**Supplied entries:**
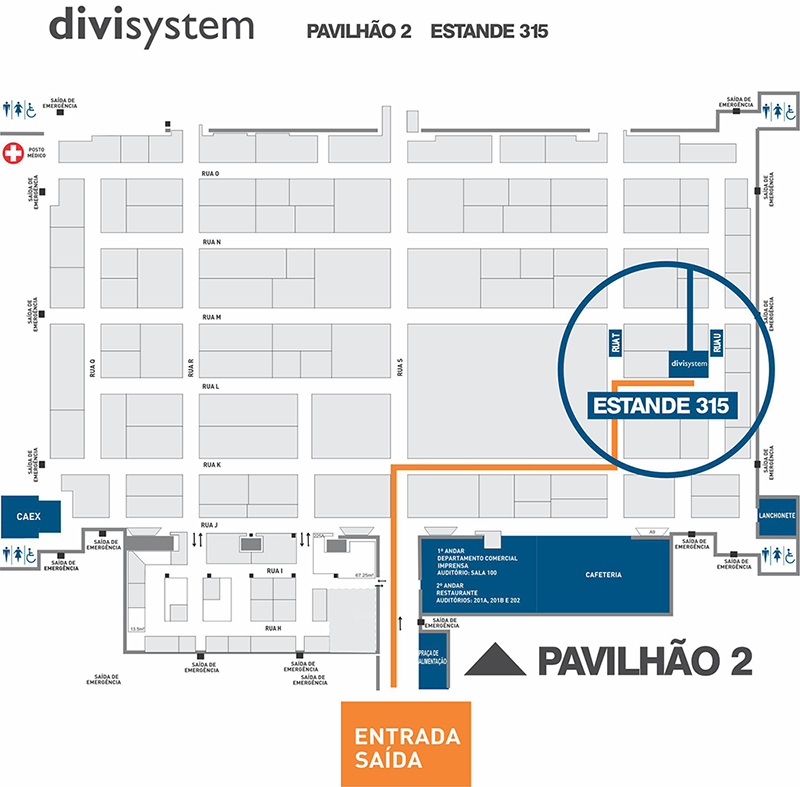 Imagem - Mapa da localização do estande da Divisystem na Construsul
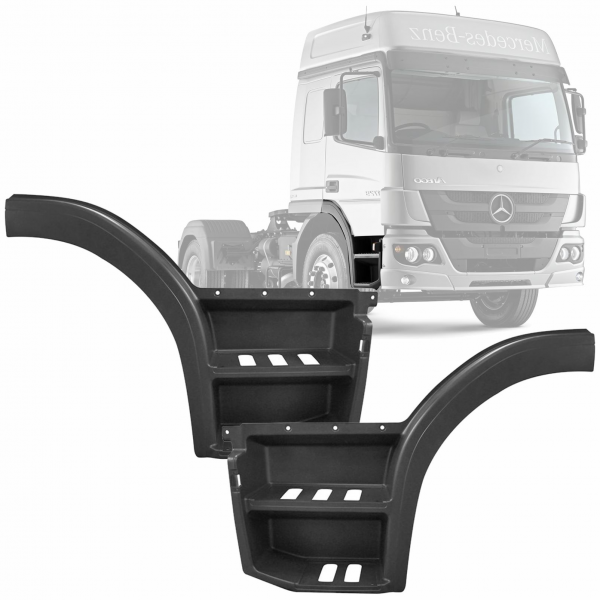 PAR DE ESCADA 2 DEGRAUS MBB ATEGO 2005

---

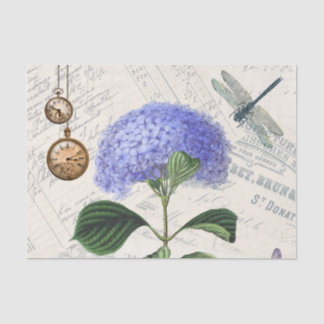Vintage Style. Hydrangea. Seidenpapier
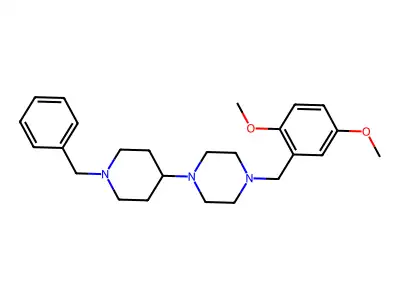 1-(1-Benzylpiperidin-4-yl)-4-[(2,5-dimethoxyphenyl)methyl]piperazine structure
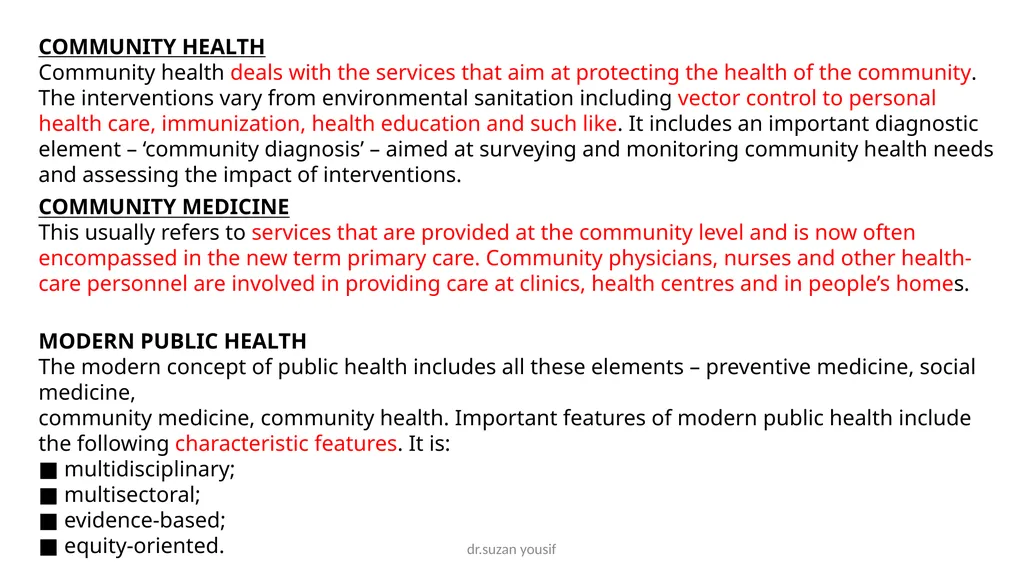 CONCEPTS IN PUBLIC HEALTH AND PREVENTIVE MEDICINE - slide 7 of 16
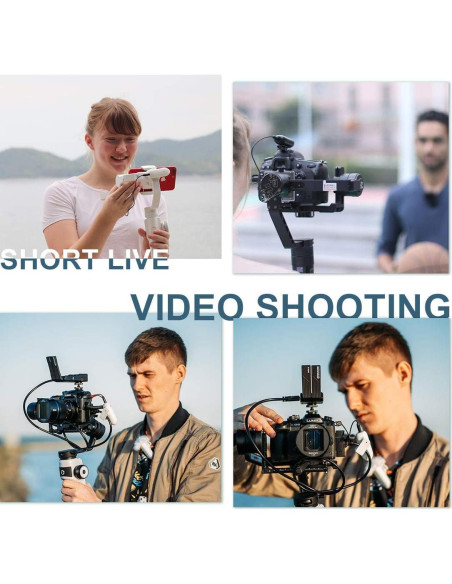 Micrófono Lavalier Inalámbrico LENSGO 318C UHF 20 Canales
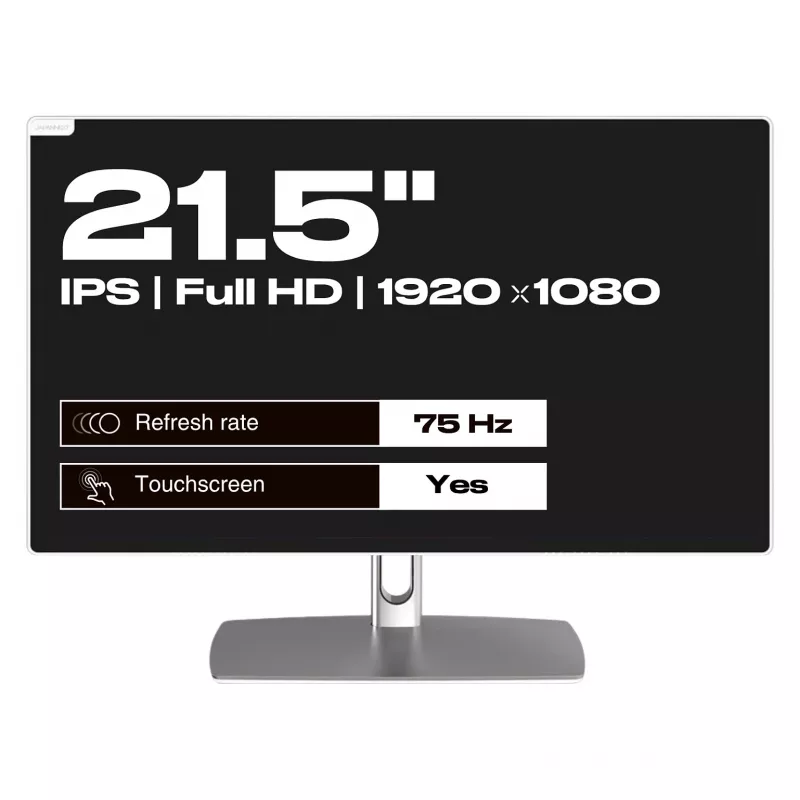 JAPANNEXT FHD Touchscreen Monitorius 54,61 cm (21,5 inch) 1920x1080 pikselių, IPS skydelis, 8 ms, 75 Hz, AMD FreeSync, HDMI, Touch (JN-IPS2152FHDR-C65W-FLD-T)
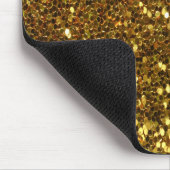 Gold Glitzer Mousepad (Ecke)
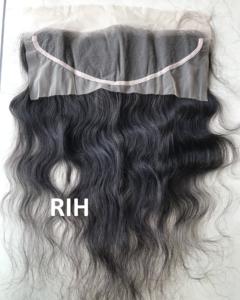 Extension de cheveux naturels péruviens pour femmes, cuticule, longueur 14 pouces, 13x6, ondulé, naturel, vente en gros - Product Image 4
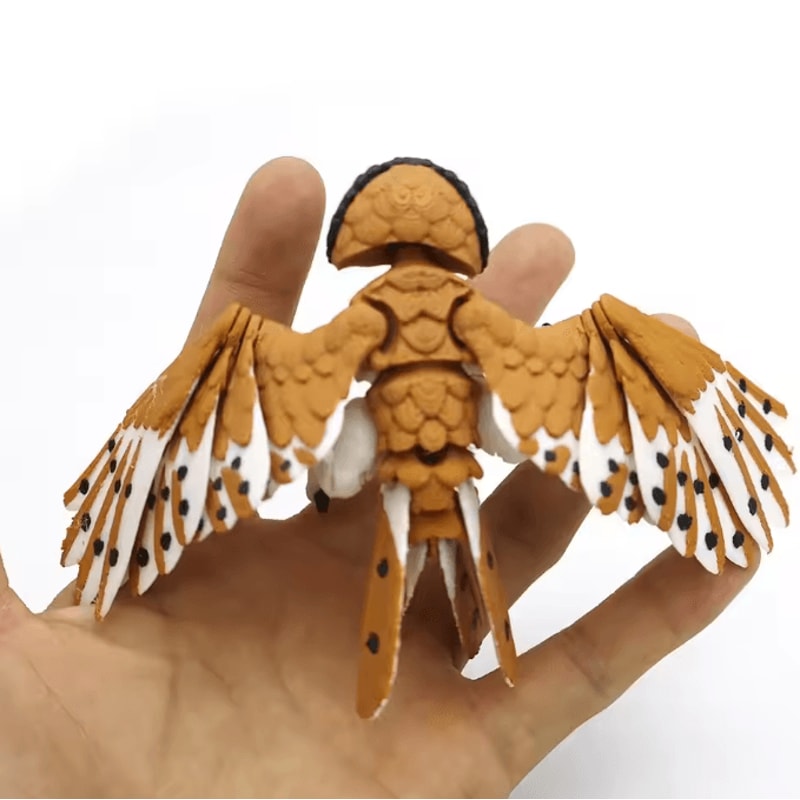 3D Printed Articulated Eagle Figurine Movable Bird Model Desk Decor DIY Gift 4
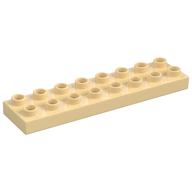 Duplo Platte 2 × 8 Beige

**Assignment:** Word for word, restate the lines above from the one with "JAPANNEXT FHD Touchscreen" through the one with "Duplo Platte 2 × 8 Beige", keeping both ends and dropping the pictures.

**Task response:**
 JAPANNEXT FHD Touchscreen Monitorius 54,61 cm (21,5 inch) 1920x1080 pikselių, IPS skydelis, 8 ms, 75 Hz, AMD FreeSync, HDMI, Touch (JN-IPS2152FHDR-C65W-FLD-T)
 Gold Glitzer Mousepad (Ecke)
 Extension de cheveux naturels péruviens pour femmes, cuticule, longueur 14 pouces, 13x6, ondulé, naturel, vente en gros - Product Image 4
 3D Printed Articulated Eagle Figurine Movable Bird Model Desk Decor DIY Gift 4
 Duplo Platte 2 × 8 Beige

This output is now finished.